> _PROBLEM TO WORK ON_:
Give back exactly the lines that start at the one containing "KestrelMet 6000 Weather" and run to the end of the material, leaving out the pictures.

> _DATA PROVIDED_:
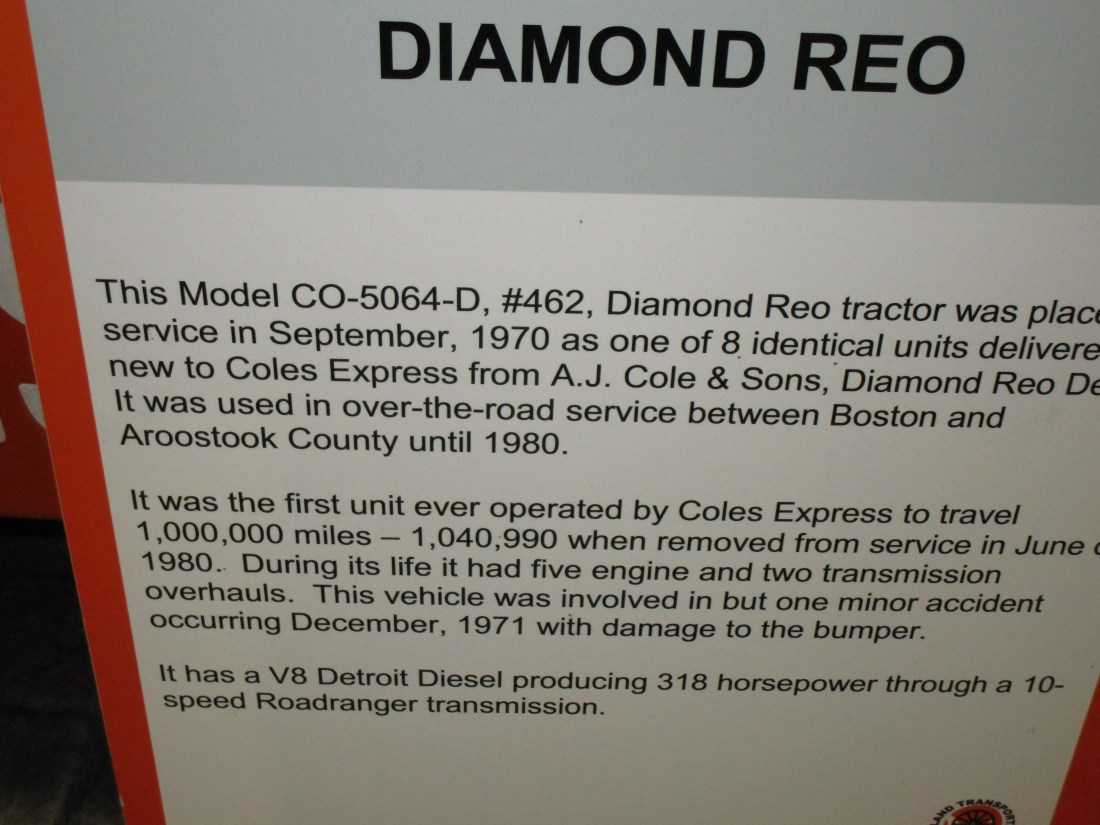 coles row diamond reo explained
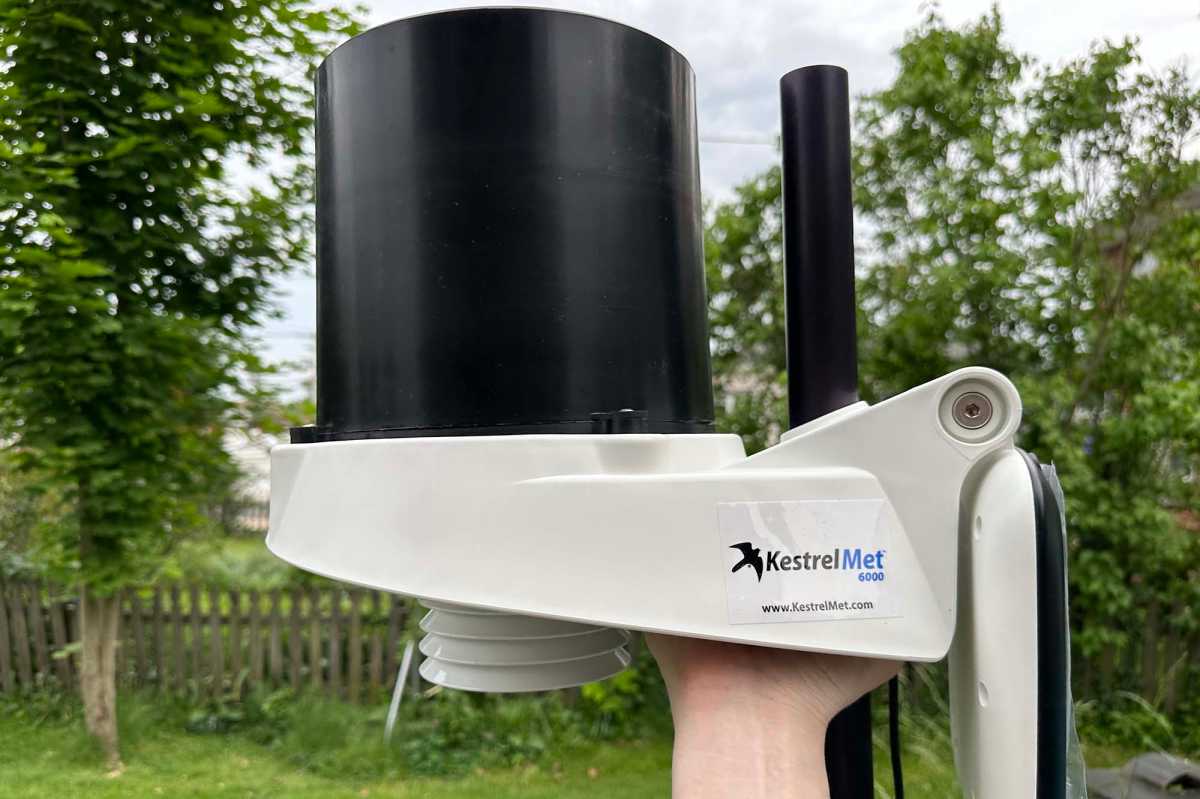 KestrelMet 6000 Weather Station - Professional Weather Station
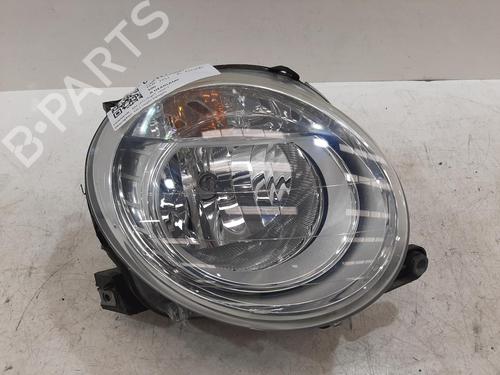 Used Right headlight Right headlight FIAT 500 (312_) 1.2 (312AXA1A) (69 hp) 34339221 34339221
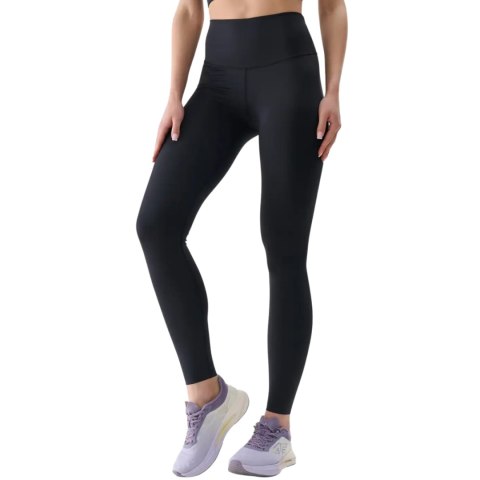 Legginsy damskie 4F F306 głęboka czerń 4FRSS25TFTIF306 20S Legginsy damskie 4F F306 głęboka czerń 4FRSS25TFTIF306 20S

> _RESULT OF THE EXERCISE_:
 KestrelMet 6000 Weather Station - Professional Weather Station
 Used Right headlight Right headlight FIAT 500 (312_) 1.2 (312AXA1A) (69 hp) 34339221 34339221
 Legginsy damskie 4F F306 głęboka czerń 4FRSS25TFTIF306 20S Legginsy damskie 4F F306 głęboka czerń 4FRSS25TFTIF306 20S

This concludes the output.